Regular Expressions

3 minutes to read Download PDF Edit

A regular expression describes a set of criteria that a string can match. In the validation rules of an entity a regular expression can be used to validate whether an attribute of type String matches these criteria.

A regular expression has the following properties.

Common

Name

The name can be used to refer to the regular expression from a validation rule of an entity.

Documentation

This is for documentation purpose only; it is not visible in the end-user application that you are modeling.

Expression

The expression defines the criteria that a string should be checked against in a formal, internationally standardized regular expression language.

Expression: [1-9][0-9][0-9][0-9] ?[A-Za-z][A-Za-z] Examples (excluding the quotes): “3024EL” and “7500 AH” Criteria:

  • The first character is a digit in the range 1 to 9.
  • The second, third and fourth characters are digits in the range 0 to 9.
  • The last two characters are letters, as expressed by the last two subexpression [A-Za-z], which indicate that the last two characters should be in the range A-Z or the range a-z.
  • Between the digits and the letters there can be a space, as expressed by the subexpression which consists of a space and a question mark. The question mark indicates that the space occurs never or once.

Subexpressions

A regular expression consists of a sequence of subexpressions. A string matches a regular expression if all parts of the string match these subexpressions in the same order.

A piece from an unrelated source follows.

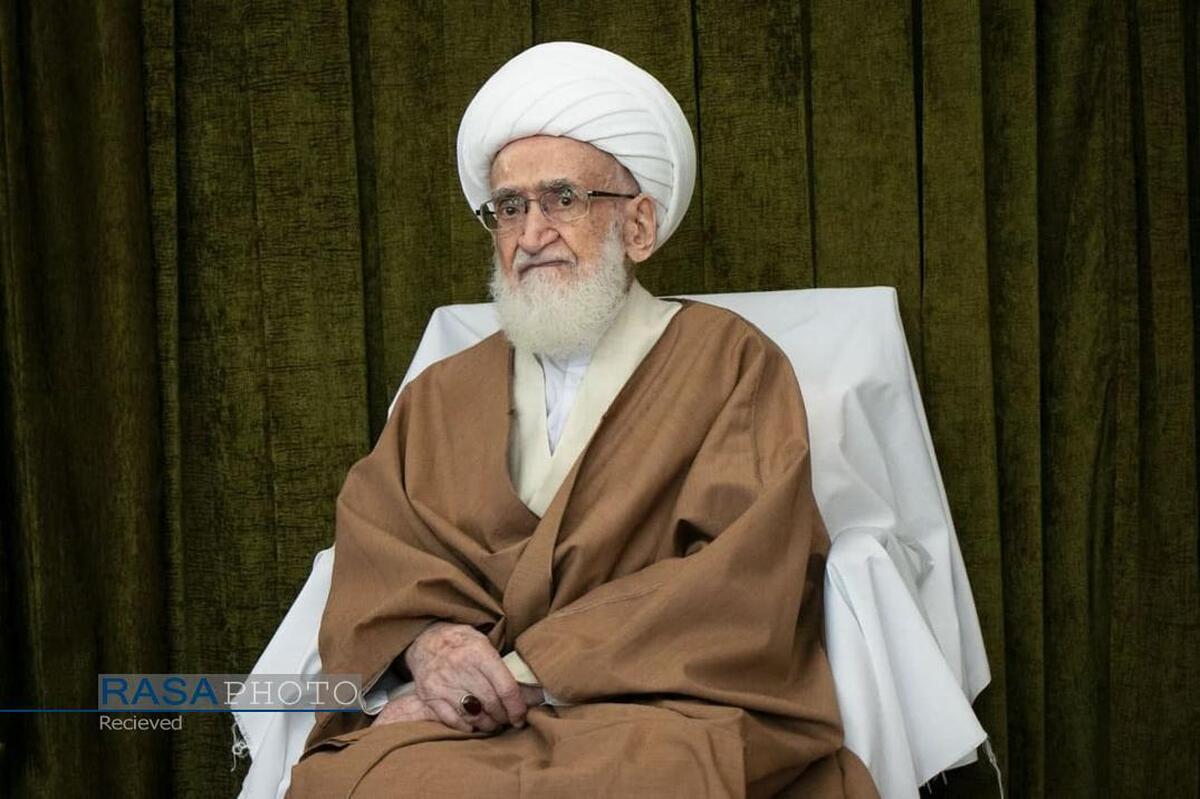 شهید لاریجانی دیانت و سیاست و عقل و علم و عمل را در خود جمع کرده بود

A regular expression can contain the following types of subexpressions:

  • [ ] - A bracket expression - Matches a single character that is indicated within the brackets. Examples:

    • [abc] matches “a”, “b”, or “c”.
    • [a-z] specifies a range which matches any lowercase letter from “a” to “z”. These forms can be mixed: [abcx-z] matches “a”, “b”, “c”, “x”, “y”, or “z”, and is equivalent to [a-cx-z].  The - character is treated as a literal character if it is the last or the first character within the brackets, or if it is escaped with a backslash . In the zip code example above the four bracket expressions [0-9] indicates that the first 4 characters should be digits, and the two bracket expressions [A-Za-z] indicate that the last two characters should be letters.
  • [^ ] - Matches a single character that is not contained within the brackets. For example, [^abc] matches any character other than “a”, “b”, or “c”. [^a-z] matches any single character that is not a lowercase letter from “a” to “z”. As above, literal characters and ranges can be mixed. |

  • {m,n} - Matches the preceding element at least _m_ and not more than _n_ times. For example, a{3,5} matches only “aaa”, “aaaa”, and “aaaaa”.

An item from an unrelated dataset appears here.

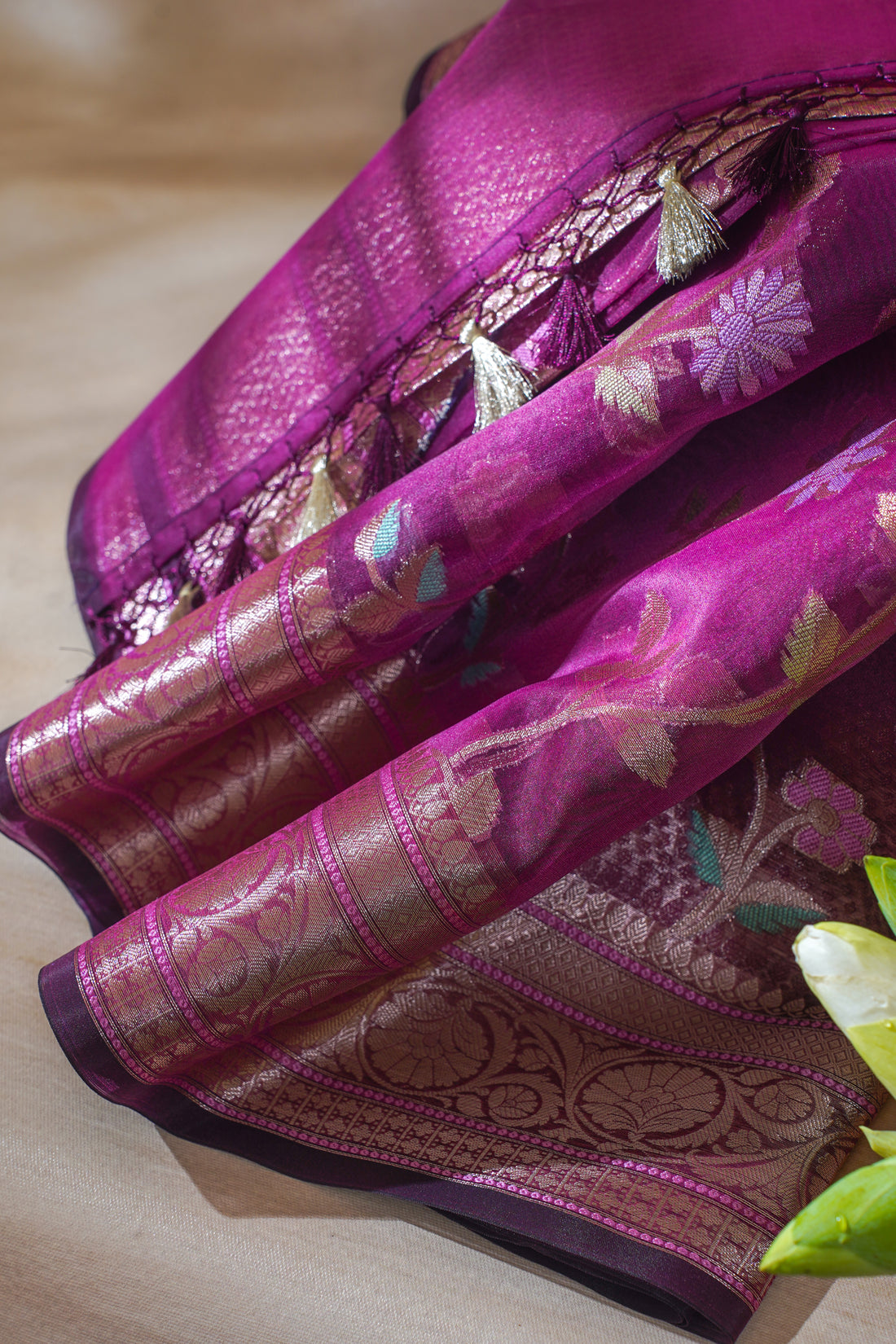 Magenta Organza Banarasi Tilfi Minakari Jaal Saree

  • {n} - Matches the preceding element exactly n times. For example, using this construct the expression of the Dutch zip code example above would be: [0-9]{4} ?[a-zA-Z]{2} |

    • . - A dot - Matches any single character. If you want to match a dot, you can escape it by prefixing it with a \ (backslash).
  • A literal character

    • A character that does not have a special meaning in the regular expression language matches itself. Example:
      • In the Dutch zip code example above the space is such a character that just matches itself.
  • \w - A word - a letter, digit or underscore. \w is an abbreviation for [A-Za-z0-9_]

  • \d - A digit - \d is an abbreviation for [0-9]

Quantifiers

The number of times that a subexpression may occur in a string is indicated by a quantifier after the subexpression. If no quantifier is present, the subexpression must occur exactly once.

The following quantifiers can be used:

   
? The preceding subexpression should occur not or once.
* The preceding subexpression occurs any number of times.
+ The preceding subexpression should occur once or more.
  No quantifier means that the preceding subexpression should occur exactly once.